Through the Looking Glass Children's Book Reviews

Kringle

Kringle

Tony Abbott
Illustrator:  Greg Call 
Fiction
For ages 9 to 12
Scholastic, 2005   ISBN: 978-0439749428

Orphaned at an early age Kringle lives in the woods with an old woman called Merwen. They live in a dark time when the Roman legions are pulling out of Britain and when the goblins, dark and evil creatures, are running wild across the land. The goblins, in addition to destroying villages and killing people, are stealing children, taking them away to some unknown and no doubt dreadful place. Kringle and Merwen think they are safe in their little cottage but soon enough the goblins find them. Merwen is taken prisoner but Kringle manages to escape and he runs as fast as he can into the woods hoping that he will be able to rescue Merwen soon.

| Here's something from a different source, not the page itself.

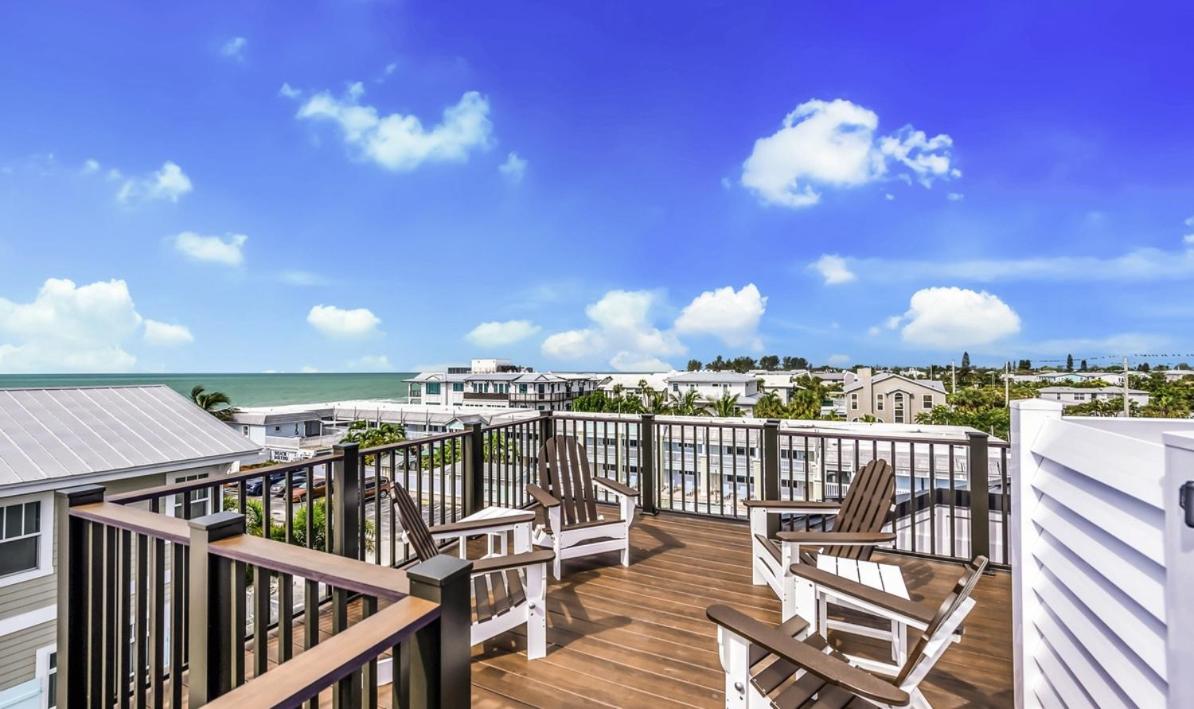 Swanky Bubbles, 9 beds, 11 bathrooms, pet-friendly with a rooftop deck and steps away to the beach! view 4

What Kringle does not expect is to find a whole community of elves living in the woods. In their hidden world Kringle has time to rest and heal and to start thinking about what he is going to do next. From the elves Kringle learns about the joy of giving to others. He also learns about a secret which the elves have tried to keep out of the hands of the goblins for many years and he discovers what the goblins are up to and what their ultimate, and diabolical, plan is.

This extraordinary saga about Kringle (whom many of us call Santa or Father Christmas) is captivating. Sometimes dark, and always exciting, readers will discover how Kringle came to ride a sleigh drawn by flying reindeer, how he delivers his gifts in one night, why he gives children gifts at all, and how he came to meet and work with the elves. A wonderful tale about good versus evil, the author has gathered together lore about Santa from many sources to create this tale which is a fabulous combination of history, myth, fable, and fairytale.